ACTION ITEM
Everything from the "Nowy gładzik Force" line to the final line of the listing should be written out exactly. Skip the pictures.

SUPPLIED MATERIAL
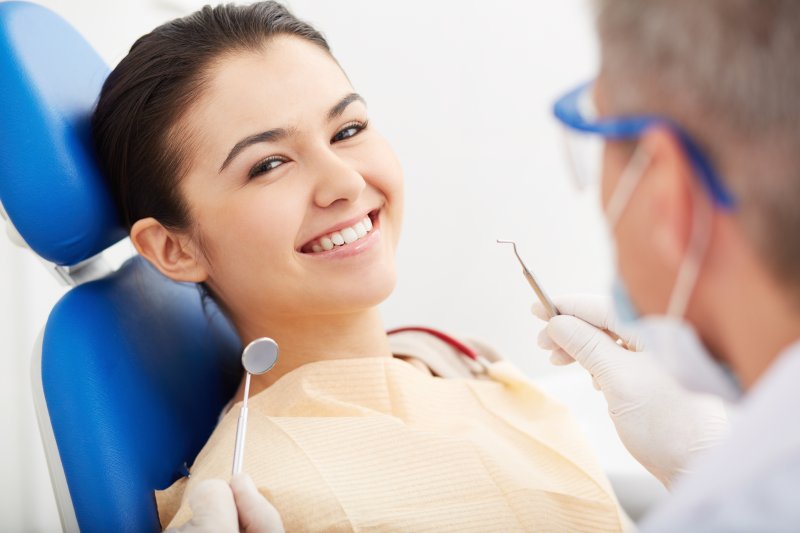 woman receiving early detection of oral health problems
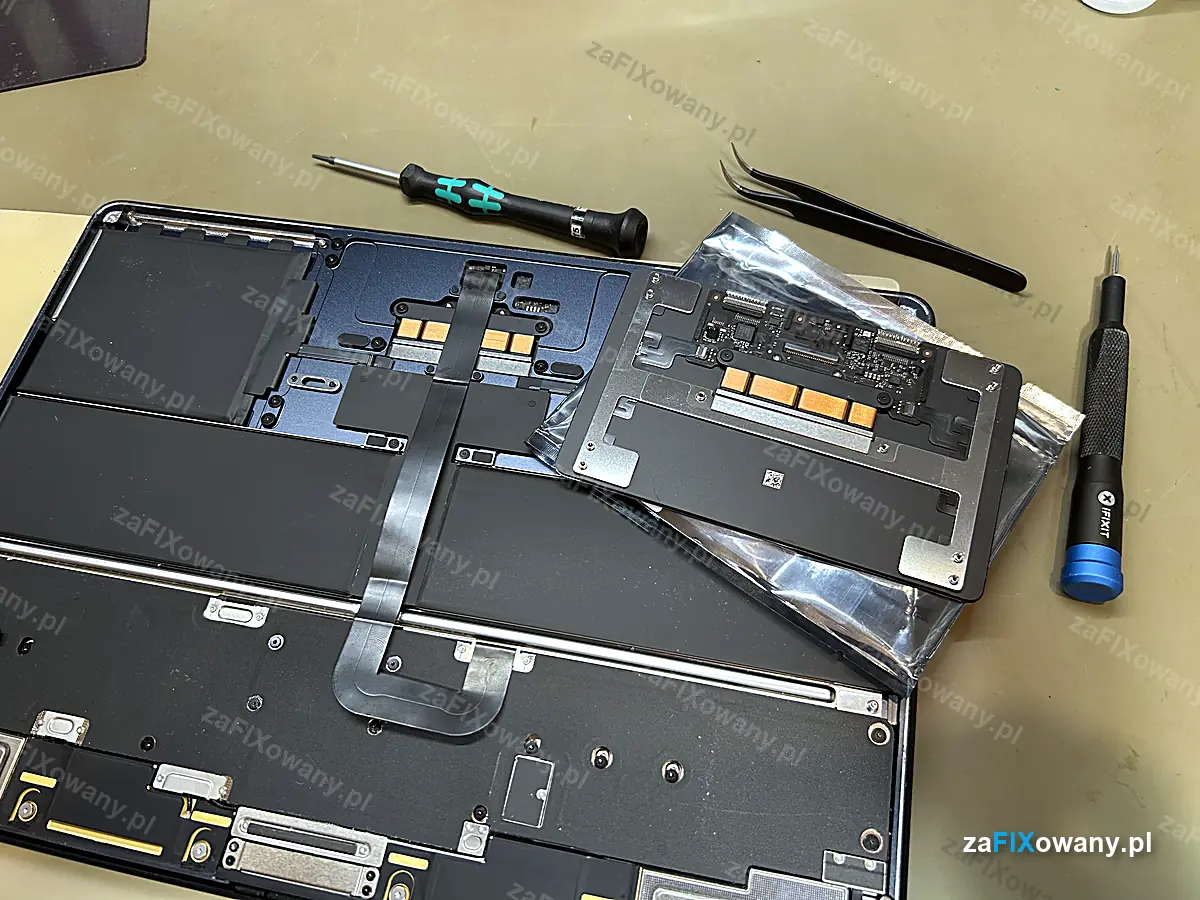 Nowy gładzik Force Touch do MacBooka Air M2 od spodu, z silniczkiem haptycznym, obok otwarty laptop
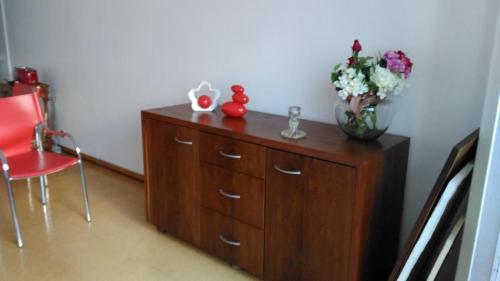 a wooden cabinet with a vase of flowers on it at Apartamento Avenida 5 de Outubro in Lisbon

RESPONSE TO THE EXERCISE
 Nowy gładzik Force Touch do MacBooka Air M2 od spodu, z silniczkiem haptycznym, obok otwarty laptop
 a wooden cabinet with a vase of flowers on it at Apartamento Avenida 5 de Outubro in Lisbon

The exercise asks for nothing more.